Okula gidemeyen bütün çocukların arkadaş özlemiyle doldu taştı yürekleri. Bugünlerde neredeyse bütün parklar boş ve enerjilerini ne yazık ki atamıyorlar. Benim de küçük bir torunum var ve onun bu süreçteki tavırlarını dikkatle izliyorum. Onun hem eğitimi hem de içinde bulunduğumuz durumdan en az etkilenmesi için ailecek elimizden geleni yapmaya çalışıyoruz.

Bir de sağlık çalışanlarımızın küçük çocukları var. Bazıları kendi evlerinde kalamıyorlar, aylardır çocuklarına dokunamıyorlar. Bunları çokça duyuyor ve biliyorum. Her seferinde okudukça, duydukça kahroluyorum. Hepimizin dikkat etmesi gereken basit kurallara riayet etmemenin bedelini başta sağlıkçılarımız olmak üzere bütün ülke hatta tüm dünya olarak ödüyoruz ve bu gidişle de ödemeye devam edeceğiz. Yeni dünya düzenine uyum sağlamak kolay aslında, virüs kendi kurallarını en başta koydu ve hızlanarak bulaşmaya devam ediyor. Biz virüsle değil kuralsızlıklarla savaşıyoruz. Koyduğumuz kurallara kendimiz uymuyoruz ve virüsün yayılımını kendi kendine bitmesini bekliyoruz. Ne yazık ki bu böyle olmayacak. Bizim önlemlerimiz onunla mücadelemizi kazanmamızı sağlayacak. Neden kaynar suya elimizi sokmuyoruz çünkü önceden tecrübe ettiğimiz gibi elimizin yanmasından korkuyoruz. Virüs de aynı değil m? Elimiz yanmayacak belki ama ciddi bir sağlık sorunu ile karşı karşıya kalacağız. Bunun için maske ve fiziksel mesafe hayat kurtarıcı bir rol üstleniyor hayatımızda.
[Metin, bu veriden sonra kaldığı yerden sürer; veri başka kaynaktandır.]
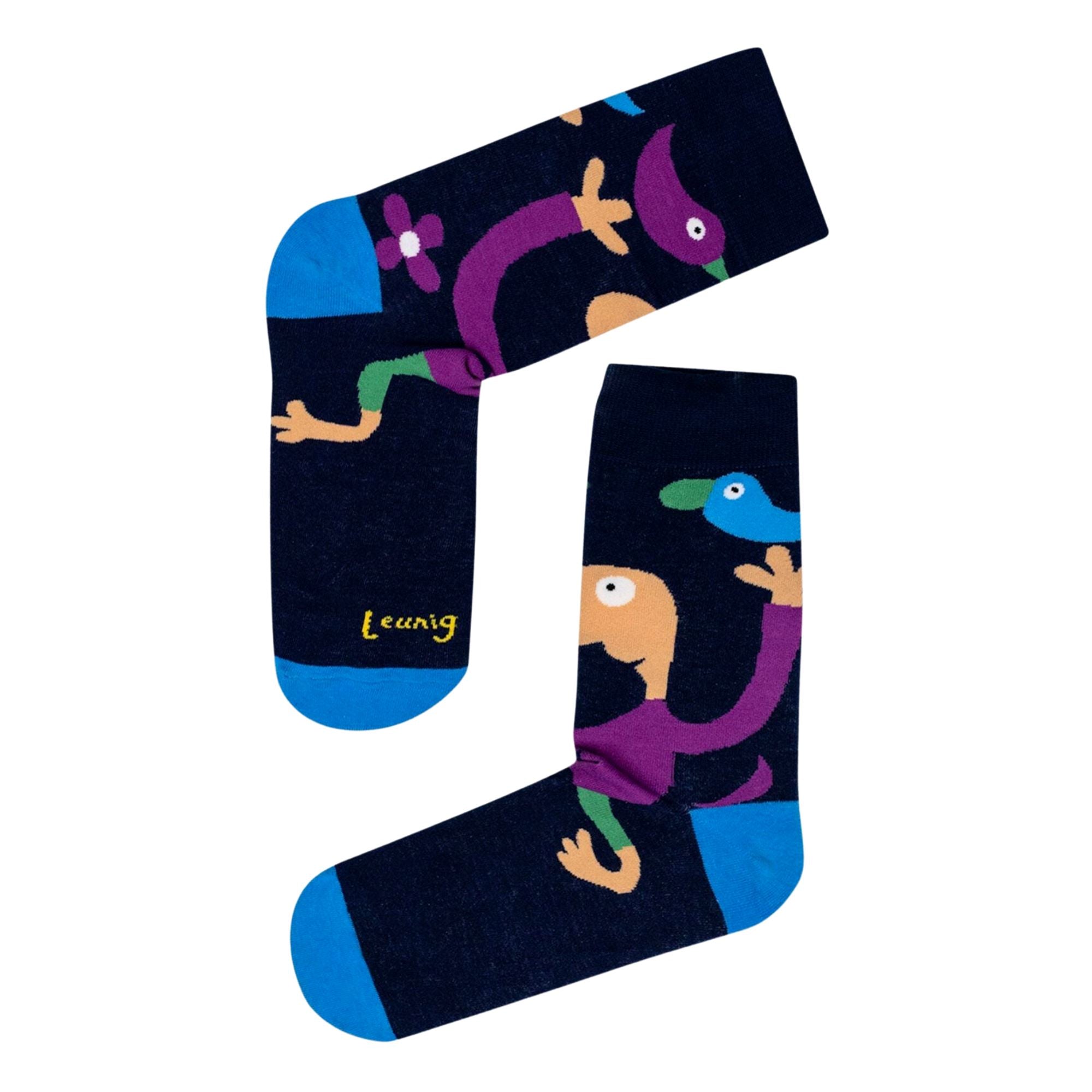 Michael Leunig Running Man Navy Socks Socks Leunig for James Harper Default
Yasakların giderek arttığı bu günlerde çocuklarımızı tablet, bilgisayar ve cep telefonundan uzak tutmak istesek de ne yazık ki başarılı olamıyoruz. Ben kendimce bu süreci nasıl geçiririzin üzerine düşündüm ve bazı araştırmalar yaptım, bunları sizinle de paylaşmak istiyorum. Çocuklarımız oyun arkadaşlarını bu süreçte kaybettiler öncelikle onların oyun arkadaşı olun isterim. Onlar elektronik aletlere oldukça meraklılar ve çok da iyi kullanıyorlar. Sanal müze gezileri yapabilirsiniz. Hem dünyada hem de ülkemizde birçok sanal müze var. Sizler de bu gezilere çocuklarınızla birlikte dahil olun. Eminim çok eğleneceksiniz.
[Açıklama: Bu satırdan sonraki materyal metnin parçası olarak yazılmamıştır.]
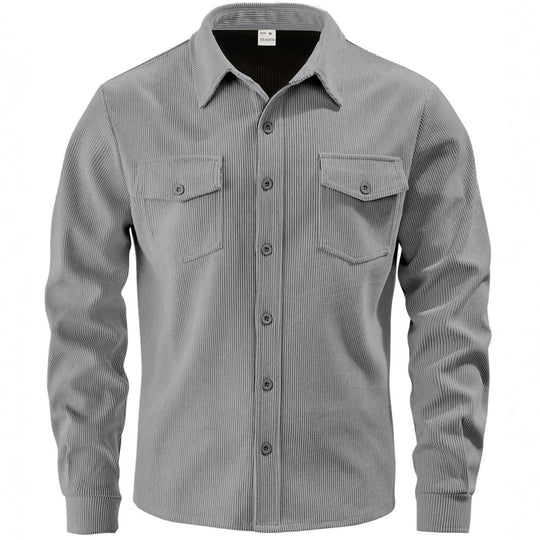 Herren nan Cordjacke im klassischen Arbeiterjacken-Schnitt mit Druckknöpfen und Brusttaschen R&B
Bunun yanı sıra, yaş grubuna göre bazı ailecek izleyebileceğiniz filmleri de tavsiye ederim. Çocuk ve sinema üzerine neredeyse yüzlerce film var. Bir de olmazsa olmazımız animasyon filmleri. Hem birlikte zaman geçirebilir hem de oldukça eğlenebilirsiniz. Bunun için de internet ağlarından çok güzel filmler bulabilirsiniz.   

Onların bu yeteneklerini online olarak hizmet veren birçok internet sitelerine girerek hem geliştirebilir, hem eğlenebilir hem de onlara bambaşka dünyaların kapılarını açabilirsiniz. Bu zor günler geride kaldığında onları kendi şehrinizde bulunan müzelere götürebilirsiniz. İnanın çok eğlenecekler ve birçok bilgi de öğrenecekler.

Storyteller (Hikâye Anlatıcısı) Bir de bu tür çalışmalar mevcut. Türkiye’de sesli kitap giderek rağbet kazanıyor. Sizler de bu çalışmalardan faydalanmanızı tavsiye ederim. Bir süre sonra sizler de okuduğunuz kitapları seslendirmek isteyecekseniz ve bu oldukça keyifli aynı zamanda eğlenceli bir süreç. Bunun ayrıca büyükler olan için olanları da var onlara da bakabilirsiniz. Sağlıkla ve keyifle kalın.